# Boom Zoom to the Moon



## Dan Turner (Feb 6, 2019)

*Dumb Stuff by Dan*

So I'm siphoning spoiled gas out of my K20 P/U with a drill operated cheapo pump that should draw from the vehicle tank and send it over to a 5 gal. can for disposal.

My ollllllllld hand tools that serve me well with a little maintenance includes an old electric Skil drill with the all metal body....we're talking old (about as old as my 6.5in worm-drive Skil saw).
As I get started by snaking the retrieval hose into the tank....the expansion of gases blow out the filler and lingers around as I'm shielded from the wind. The other hose on the deposit end of the pump goes into the 5 gallon can.

We're good to go. Crank up the old skildrill; set it about 2800rpm and realize.._."this is the way to do it!!"_ 

And then I noticed how un-smart I am with an old brush style electric drill in a cloud of gas vapors with a so-so tank of fuel at both ends. Brush style drills are great...but they come with a continuing electric blue spark from the brush contacting the rotor.

I just look stupid....but there's this profound revelation about *"How F&*(&G Stupid Can I Be?"*










The prospect of blowing up truck tank; gas can and *Dan* next to the natural gas meter feeding the house and only 12 feet away from the overhang of a cedar shake roof....if I survived the explosion and burns, I would not have been able to survive the beating from Susan for burning down the house or the FaceBook abuse that would have followed me like a shadow for the rest of my 2nd & 3rd degree scarred life.
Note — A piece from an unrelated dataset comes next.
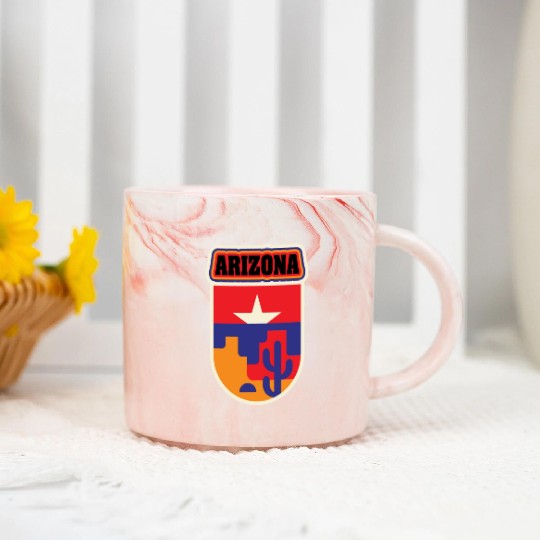 US States Arizonna Marble Mugs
Like most accidents such as this...the *"it sounded like a good idea" *would not have been a good excuse.

I have no idea what I was thinking. I was in a push to get that done to see what kind of carb troubles might be there after replacing the inline filters....cold and misting rain. I was more concerned about comfort than looking at the set up that involved gasoline fumes; next to the Atlanta Gas Meter and within 12 feet directly overhead...the trailing edges of a pre-fireproofed cedar roof. A tri-disaster of my own making in the works was just thaaaat close to Headlines News trying to report the story without falling out of their chairs laughing.

Not quite the legacy I want to leave behind.


----------



## hdavis (Feb 14, 2012)

I'm on the edge of my seat Dan, what happened next? Lol


----------



## Snobnd (Jul 1, 2008)

Drilling Into A Gas Tank Goes Awry (video) - ItemFix


Social Video Factory




www.itemfix.com


----------



## Ed Corrigan (Jul 18, 2019)

So, who held your beer? 😆😆




Dan Turner said:


> ....cold and misting rain.


AKA fire safety protection. You're all good. Carry on.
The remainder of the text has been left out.